Work request: Only lines containing the string "аудио" belong in the answer; find them in the records and copy them.

Given information:

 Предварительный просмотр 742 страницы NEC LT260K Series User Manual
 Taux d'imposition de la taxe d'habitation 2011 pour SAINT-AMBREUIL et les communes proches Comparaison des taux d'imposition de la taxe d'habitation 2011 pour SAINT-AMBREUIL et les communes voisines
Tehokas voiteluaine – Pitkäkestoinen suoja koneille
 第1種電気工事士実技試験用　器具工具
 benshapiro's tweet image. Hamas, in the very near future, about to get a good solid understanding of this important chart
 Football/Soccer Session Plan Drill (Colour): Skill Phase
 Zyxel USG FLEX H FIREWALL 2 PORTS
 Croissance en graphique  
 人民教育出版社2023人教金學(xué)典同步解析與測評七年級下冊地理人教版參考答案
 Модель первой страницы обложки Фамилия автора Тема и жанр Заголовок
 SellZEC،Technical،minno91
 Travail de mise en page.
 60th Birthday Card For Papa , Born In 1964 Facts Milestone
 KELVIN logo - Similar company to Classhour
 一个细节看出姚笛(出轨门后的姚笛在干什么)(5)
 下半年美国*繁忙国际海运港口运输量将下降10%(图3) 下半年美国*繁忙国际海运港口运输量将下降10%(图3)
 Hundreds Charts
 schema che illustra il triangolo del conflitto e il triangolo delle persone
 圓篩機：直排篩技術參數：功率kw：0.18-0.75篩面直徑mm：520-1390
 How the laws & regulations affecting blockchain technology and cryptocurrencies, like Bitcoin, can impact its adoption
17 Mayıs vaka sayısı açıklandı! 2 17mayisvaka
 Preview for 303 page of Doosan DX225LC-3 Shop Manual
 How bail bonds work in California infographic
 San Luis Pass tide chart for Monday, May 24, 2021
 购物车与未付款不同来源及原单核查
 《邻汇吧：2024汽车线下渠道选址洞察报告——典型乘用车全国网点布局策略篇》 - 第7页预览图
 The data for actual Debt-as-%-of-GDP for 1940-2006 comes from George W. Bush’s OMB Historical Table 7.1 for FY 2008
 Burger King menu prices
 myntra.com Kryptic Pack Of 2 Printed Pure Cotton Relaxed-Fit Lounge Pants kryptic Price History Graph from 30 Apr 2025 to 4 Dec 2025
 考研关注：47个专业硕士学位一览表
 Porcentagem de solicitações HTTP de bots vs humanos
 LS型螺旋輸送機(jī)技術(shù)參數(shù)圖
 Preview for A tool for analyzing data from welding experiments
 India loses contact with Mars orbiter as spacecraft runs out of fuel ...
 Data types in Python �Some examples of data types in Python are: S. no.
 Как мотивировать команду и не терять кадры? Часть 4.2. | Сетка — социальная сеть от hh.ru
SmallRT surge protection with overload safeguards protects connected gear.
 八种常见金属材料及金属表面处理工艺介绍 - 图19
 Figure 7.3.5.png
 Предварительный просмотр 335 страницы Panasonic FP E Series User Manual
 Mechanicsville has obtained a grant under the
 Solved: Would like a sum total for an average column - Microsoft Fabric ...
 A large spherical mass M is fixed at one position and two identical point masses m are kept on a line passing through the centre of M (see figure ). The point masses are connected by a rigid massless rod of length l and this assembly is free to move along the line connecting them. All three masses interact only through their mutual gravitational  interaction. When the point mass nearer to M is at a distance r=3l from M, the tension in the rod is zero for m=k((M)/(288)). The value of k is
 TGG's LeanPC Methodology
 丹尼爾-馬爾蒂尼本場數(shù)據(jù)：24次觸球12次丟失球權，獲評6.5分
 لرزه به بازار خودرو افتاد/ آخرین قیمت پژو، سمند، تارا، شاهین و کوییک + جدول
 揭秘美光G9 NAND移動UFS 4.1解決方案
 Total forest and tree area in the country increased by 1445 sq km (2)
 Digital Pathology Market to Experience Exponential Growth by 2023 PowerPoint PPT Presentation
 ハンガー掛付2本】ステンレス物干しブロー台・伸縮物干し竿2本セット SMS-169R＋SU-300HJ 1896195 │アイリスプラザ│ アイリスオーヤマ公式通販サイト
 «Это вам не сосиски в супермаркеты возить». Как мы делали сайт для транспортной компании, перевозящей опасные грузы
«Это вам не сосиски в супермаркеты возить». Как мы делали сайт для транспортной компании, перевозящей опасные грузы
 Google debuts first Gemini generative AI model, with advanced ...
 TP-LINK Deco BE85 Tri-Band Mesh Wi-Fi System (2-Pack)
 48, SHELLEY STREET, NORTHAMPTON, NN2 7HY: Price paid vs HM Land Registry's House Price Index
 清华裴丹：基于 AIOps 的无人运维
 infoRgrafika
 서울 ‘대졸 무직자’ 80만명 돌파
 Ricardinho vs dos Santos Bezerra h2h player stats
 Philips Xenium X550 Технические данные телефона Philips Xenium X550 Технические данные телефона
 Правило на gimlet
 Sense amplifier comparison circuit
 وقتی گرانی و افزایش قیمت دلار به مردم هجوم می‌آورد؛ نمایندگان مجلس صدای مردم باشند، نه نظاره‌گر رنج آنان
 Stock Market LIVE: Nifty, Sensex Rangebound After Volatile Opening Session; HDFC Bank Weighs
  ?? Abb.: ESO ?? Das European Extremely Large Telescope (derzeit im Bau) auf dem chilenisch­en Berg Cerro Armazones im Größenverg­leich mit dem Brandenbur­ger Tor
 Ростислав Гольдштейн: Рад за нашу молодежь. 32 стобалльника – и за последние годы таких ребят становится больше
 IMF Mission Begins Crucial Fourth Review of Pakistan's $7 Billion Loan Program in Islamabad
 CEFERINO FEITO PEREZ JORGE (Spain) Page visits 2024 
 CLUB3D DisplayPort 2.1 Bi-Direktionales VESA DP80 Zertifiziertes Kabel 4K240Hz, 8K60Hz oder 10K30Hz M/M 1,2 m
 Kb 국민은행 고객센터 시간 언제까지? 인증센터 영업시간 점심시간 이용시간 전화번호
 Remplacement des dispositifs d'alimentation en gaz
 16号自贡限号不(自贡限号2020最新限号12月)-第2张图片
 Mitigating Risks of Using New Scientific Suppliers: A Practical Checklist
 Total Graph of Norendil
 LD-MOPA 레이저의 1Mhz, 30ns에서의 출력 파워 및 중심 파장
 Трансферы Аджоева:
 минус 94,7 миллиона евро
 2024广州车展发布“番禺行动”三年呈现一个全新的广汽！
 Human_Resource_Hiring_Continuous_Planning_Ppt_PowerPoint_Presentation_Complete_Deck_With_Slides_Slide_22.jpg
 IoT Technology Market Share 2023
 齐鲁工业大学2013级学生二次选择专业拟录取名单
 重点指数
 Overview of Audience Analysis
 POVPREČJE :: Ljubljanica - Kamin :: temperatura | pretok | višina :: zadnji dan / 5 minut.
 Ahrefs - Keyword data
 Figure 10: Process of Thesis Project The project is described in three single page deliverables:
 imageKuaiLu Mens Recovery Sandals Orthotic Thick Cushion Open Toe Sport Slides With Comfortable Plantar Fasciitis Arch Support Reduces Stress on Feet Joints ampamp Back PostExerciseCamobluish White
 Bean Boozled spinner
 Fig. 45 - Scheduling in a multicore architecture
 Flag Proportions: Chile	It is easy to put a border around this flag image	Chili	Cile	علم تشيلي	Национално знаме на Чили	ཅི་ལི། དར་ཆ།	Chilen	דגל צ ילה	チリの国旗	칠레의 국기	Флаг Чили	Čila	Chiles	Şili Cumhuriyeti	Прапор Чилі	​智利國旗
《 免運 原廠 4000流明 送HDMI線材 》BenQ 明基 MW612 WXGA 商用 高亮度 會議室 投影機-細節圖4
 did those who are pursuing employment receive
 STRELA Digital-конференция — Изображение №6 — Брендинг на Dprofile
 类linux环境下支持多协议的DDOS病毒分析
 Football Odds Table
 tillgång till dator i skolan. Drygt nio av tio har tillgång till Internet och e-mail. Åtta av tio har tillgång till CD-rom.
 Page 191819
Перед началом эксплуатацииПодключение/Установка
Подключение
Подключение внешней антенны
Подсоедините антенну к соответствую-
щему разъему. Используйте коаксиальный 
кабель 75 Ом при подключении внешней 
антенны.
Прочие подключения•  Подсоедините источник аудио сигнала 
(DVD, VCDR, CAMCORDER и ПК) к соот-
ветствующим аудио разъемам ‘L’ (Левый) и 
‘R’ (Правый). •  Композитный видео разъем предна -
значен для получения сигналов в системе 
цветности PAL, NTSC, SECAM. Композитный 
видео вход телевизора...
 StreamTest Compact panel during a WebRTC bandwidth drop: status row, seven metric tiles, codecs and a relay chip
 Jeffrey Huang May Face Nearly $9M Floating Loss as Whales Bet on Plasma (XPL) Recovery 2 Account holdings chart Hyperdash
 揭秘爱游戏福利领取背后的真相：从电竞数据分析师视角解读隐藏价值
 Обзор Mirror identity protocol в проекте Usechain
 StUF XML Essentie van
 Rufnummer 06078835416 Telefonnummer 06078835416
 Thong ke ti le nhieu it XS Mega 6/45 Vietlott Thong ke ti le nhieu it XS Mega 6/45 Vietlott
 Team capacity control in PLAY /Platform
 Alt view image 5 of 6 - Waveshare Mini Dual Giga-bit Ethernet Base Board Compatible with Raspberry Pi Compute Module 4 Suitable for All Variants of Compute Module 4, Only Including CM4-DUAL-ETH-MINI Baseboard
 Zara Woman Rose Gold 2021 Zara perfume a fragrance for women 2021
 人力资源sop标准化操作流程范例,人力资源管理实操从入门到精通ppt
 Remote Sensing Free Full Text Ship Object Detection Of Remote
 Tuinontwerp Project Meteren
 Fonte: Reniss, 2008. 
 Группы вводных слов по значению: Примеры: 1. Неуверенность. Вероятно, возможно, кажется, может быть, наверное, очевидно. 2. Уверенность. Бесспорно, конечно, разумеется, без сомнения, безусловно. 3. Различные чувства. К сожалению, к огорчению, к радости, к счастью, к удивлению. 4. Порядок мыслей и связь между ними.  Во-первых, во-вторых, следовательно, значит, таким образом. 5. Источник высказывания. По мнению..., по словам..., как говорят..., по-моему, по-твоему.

Response to the exercise:
Прочие подключения•  Подсоедините источник аудио сигнала 
ветствующим аудио разъемам ‘L’ (Левый) и 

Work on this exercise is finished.